Читать книгу Code Name Verity онлайн | страница 20
More than anything else, I think, Maddie went to war on behalf of the Holy Island seals.
She climbed out of Dympna’s Puss Moth at last. The late, low sun lit up the other aeroplanes in the hangar Dympna used, expensive toys about to realise their finest hour. (In less than a year that very same Puss Moth, flown by someone else, would ferry blood deliveries to the gasping British Expeditionary Force in France.) Maddie ran all the checks she’d normally run after a flight, and then started again with the ones she’d run before a flight. Dympna found her there half an hour later, still not having put the plane to bed, cleaning midges off the windscreen in the late golden light.
‘You don’t need to do that.’
‘Someone does. I won’t be flying it again, will I? Not after tomorrow. It’s the only thing I can do, check the oil, clean the bugs.’

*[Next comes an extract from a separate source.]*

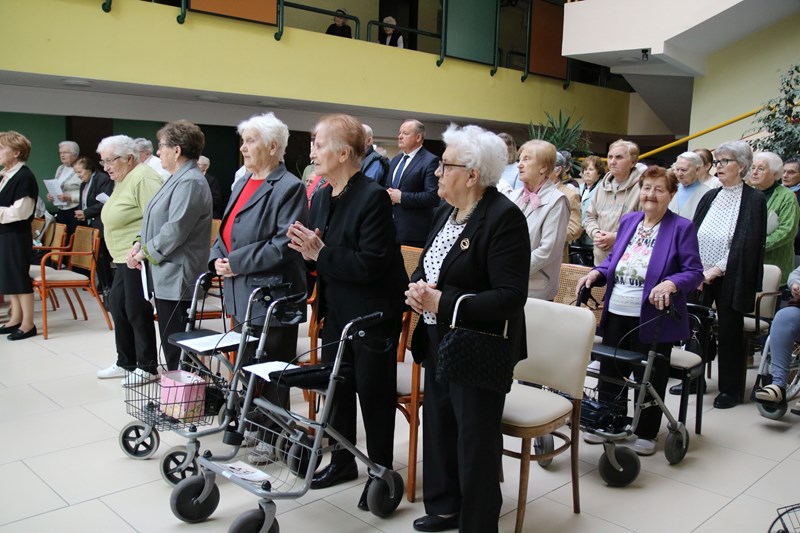 00000694 1 11 00000694 1 11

Dympna stood smoking calmly in the evening sunlight and watched Maddie for a while. Then she said, ‘There’s going to be air work for girls in this war. You wait. They’re going to need all the pilots they can get fighting for the Royal Air Force. That’ll be young men, some of them with less training than you’ve got now, Maddie. And that’ll leave the old men, and the women, to deliver new aircraft and carry their messages and taxi their pilots. That’ll be us.’
‘You think?’
‘There’s a unit forming for civil pilots to help with the War Effort. The ATA, Air Transport Auxiliary – men and women both. It’ll happen any day. My name’s in the pool; Pauline Gower’s heading the women’s section.’ Pauline was a flying friend of Dympna’s; Pauline had encouraged Dympna’s joyriding business. ‘You’ve not the qualifications for it, but I won’t forget you, Maddie. When they open up training to girls again, I’ll send you a telegram. You’ll be the first.’
Maddie scrubbed at midges and scrubbed at her eyes too, too miserable to answer.
‘And when you’re done slaving, I’m going to make you a mug of best Oakway Pilot’s Oily Tea, and tomorrow morning I’m going to march you into the nearest WAAF recruitment office.’